◆ Exercise directions
Below is a listing. Return the lines from the one that contains "2025 Mercedes-benz Vito" to the one that contains "119 N 1st Street, Geneva, IL 60134 - Photo 7", both ends included, verbatim and with no pictures.

◆ Source data
━━━━━━━━━━━━━━━━━━━━━━━━━━━━━━

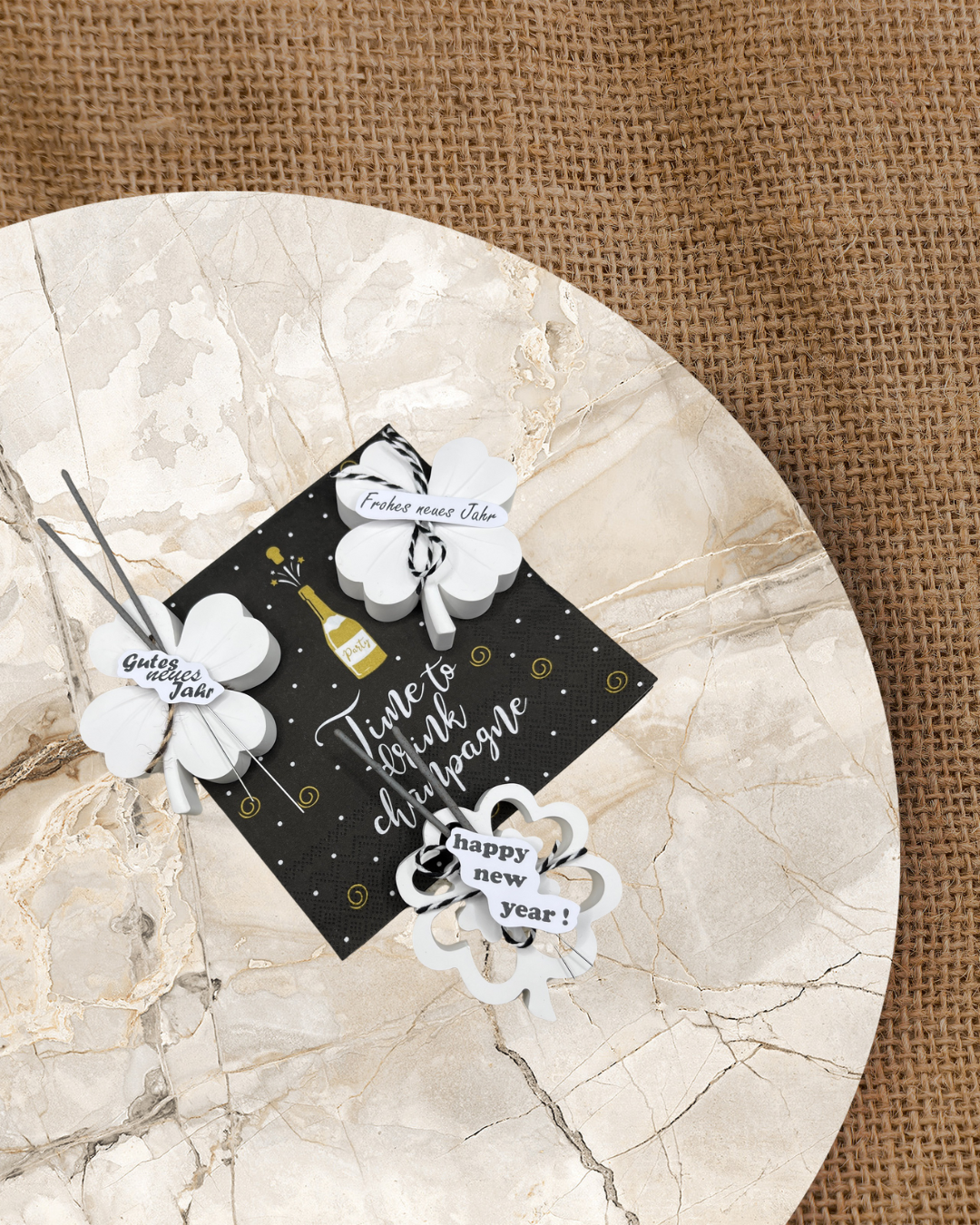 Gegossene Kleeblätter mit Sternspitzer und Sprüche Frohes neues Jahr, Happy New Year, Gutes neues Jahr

━━━━━━━━━━━━━━━━━━━━━━━━━━━━━━

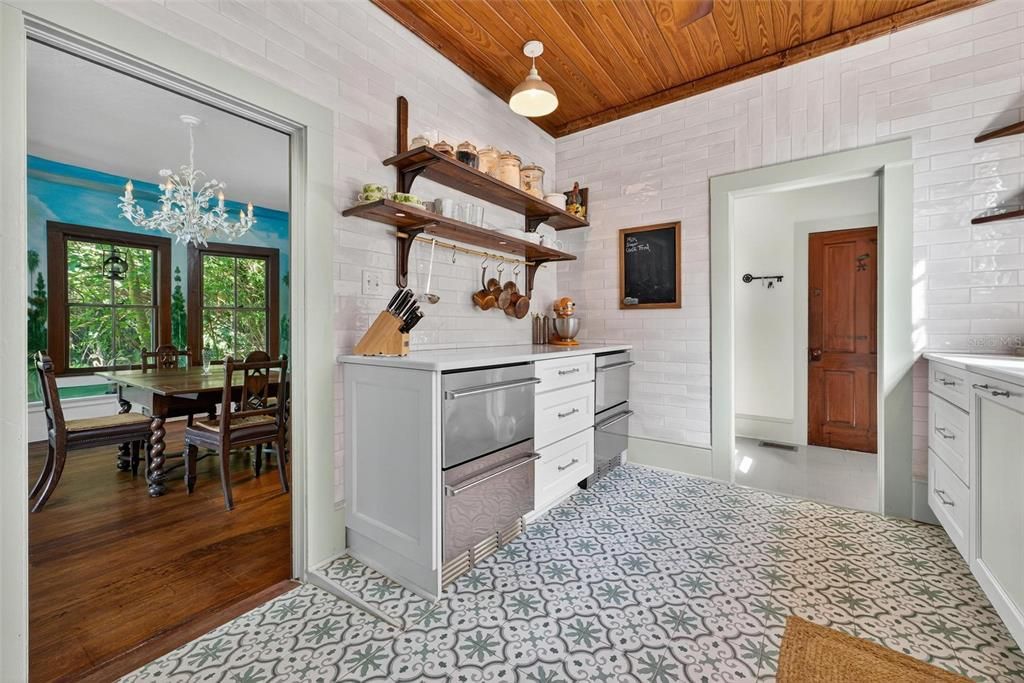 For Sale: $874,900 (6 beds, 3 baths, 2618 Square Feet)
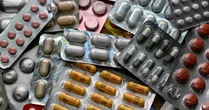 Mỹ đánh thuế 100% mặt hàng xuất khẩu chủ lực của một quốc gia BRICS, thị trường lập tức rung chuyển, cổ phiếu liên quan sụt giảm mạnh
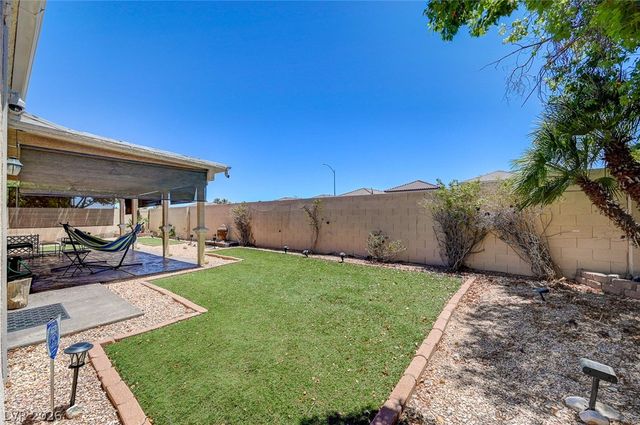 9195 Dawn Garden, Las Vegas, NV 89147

━━━━━━━━━━━━━━━━━━━━━━━━━━━━━━

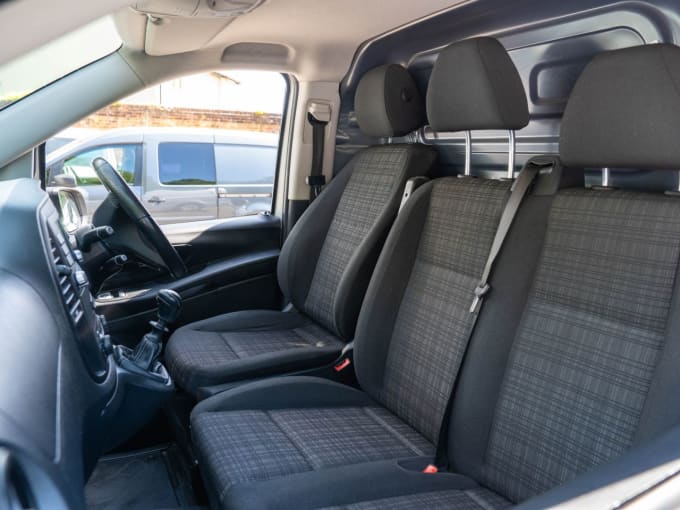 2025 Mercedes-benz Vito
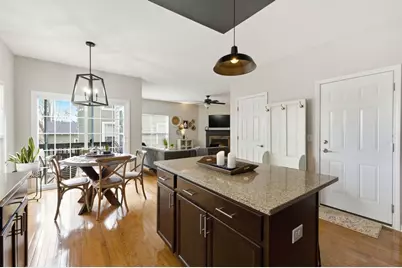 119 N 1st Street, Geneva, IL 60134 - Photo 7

━━━━━━━━━━━━━━━━━━━━━━━━━━━━━━

◆ The answer
 2025 Mercedes-benz Vito
 119 N 1st Street, Geneva, IL 60134 - Photo 7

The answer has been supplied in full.